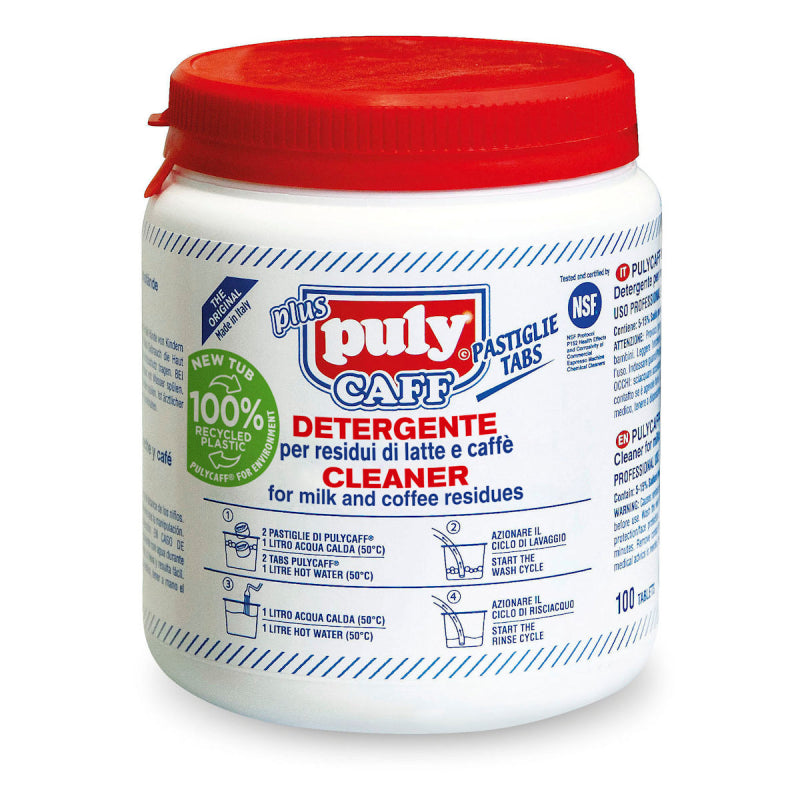 PULY MILK TABLETS TUB OF 100 - 5 GRAM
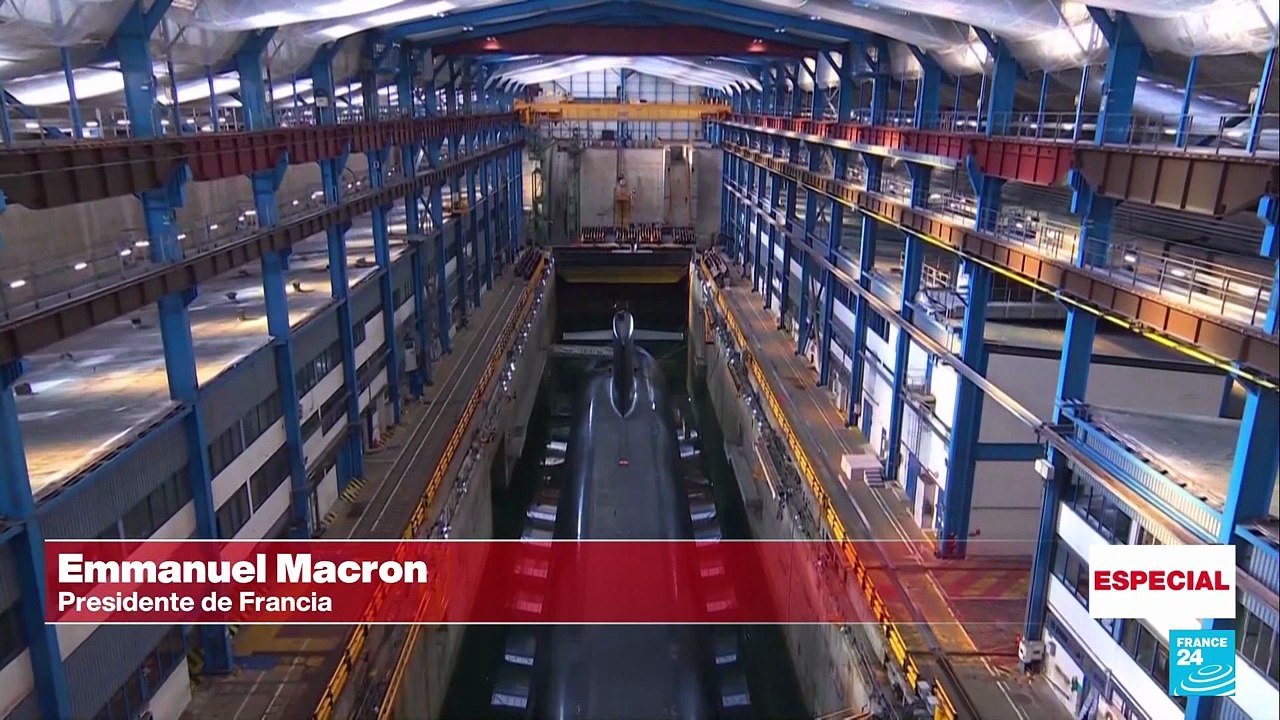 Francia: Macron amplía el arsenal nuclear y ofrece sistema de disuasión a ocho países de Europa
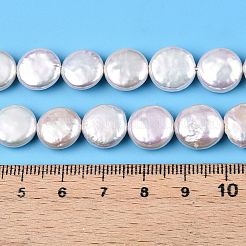 Natural Keshi Pearl Beads Strands&nbsp;PEAR-S018-02C-02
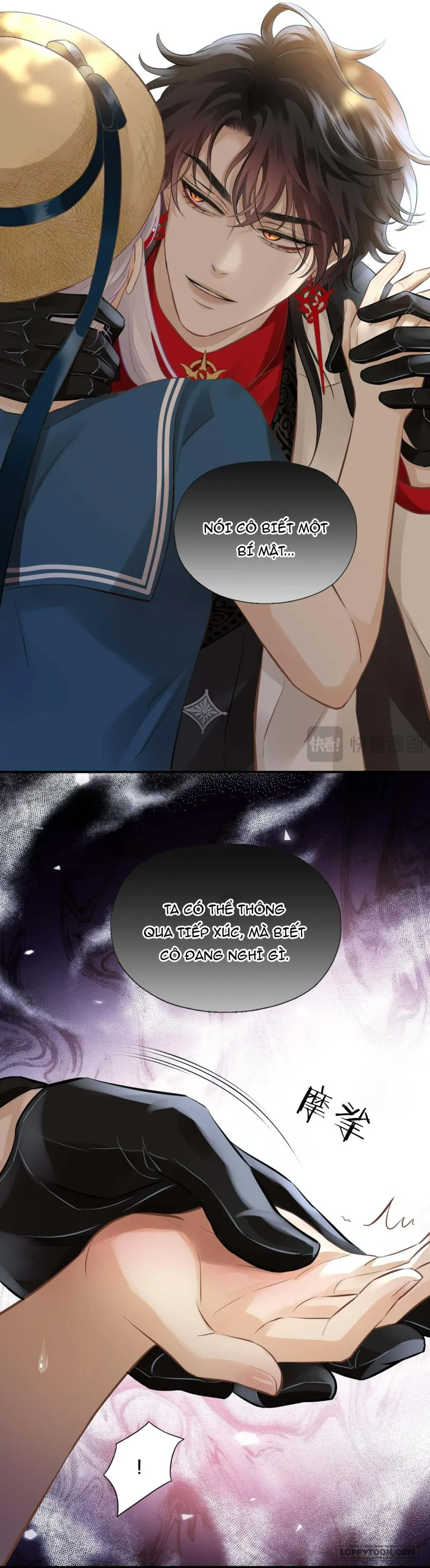 Hương Dục Niệm Chap 7 - trang 42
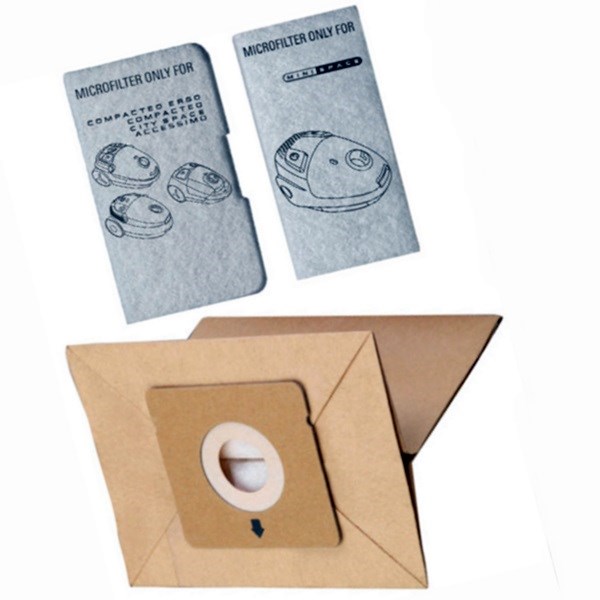 Комплект мішків і фільтрів ZR003901 для пилососу Rowenta RO5259R1 RO2433WA original1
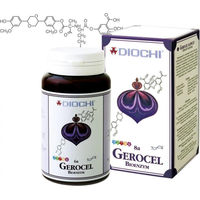 Produktbild von DIOCHI Gerocel Bioenzym Multi-Enzym-Komplex Bio Kapseln 90 Stück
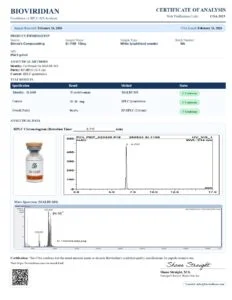 N-Acetyl Semax Amidate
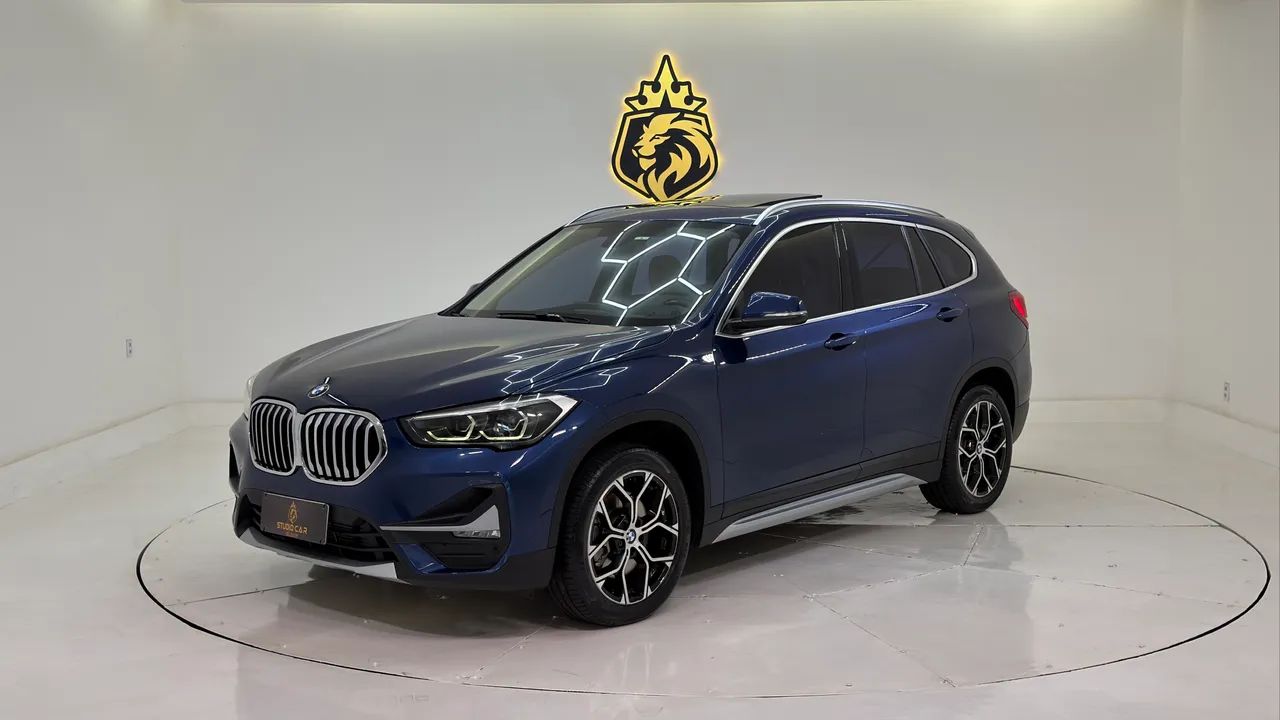 BMW X1 X1 SDRIVE 20i X-Line 2.0 TB Active Flex 2021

--------------------------------

_Problem to work on_. Quote the records in their entirety, keeping the wording exact and excluding pictures.

_Answer area_.
 PULY MILK TABLETS TUB OF 100 - 5 GRAM
 Francia: Macron amplía el arsenal nuclear y ofrece sistema de disuasión a ocho países de Europa
 Natural Keshi Pearl Beads Strands&nbsp;PEAR-S018-02C-02
 Hương Dục Niệm Chap 7 - trang 42
 Комплект мішків і фільтрів ZR003901 для пилососу Rowenta RO5259R1 RO2433WA original1
 Produktbild von DIOCHI Gerocel Bioenzym Multi-Enzym-Komplex Bio Kapseln 90 Stück
 N-Acetyl Semax Amidate
 BMW X1 X1 SDRIVE 20i X-Line 2.0 TB Active Flex 2021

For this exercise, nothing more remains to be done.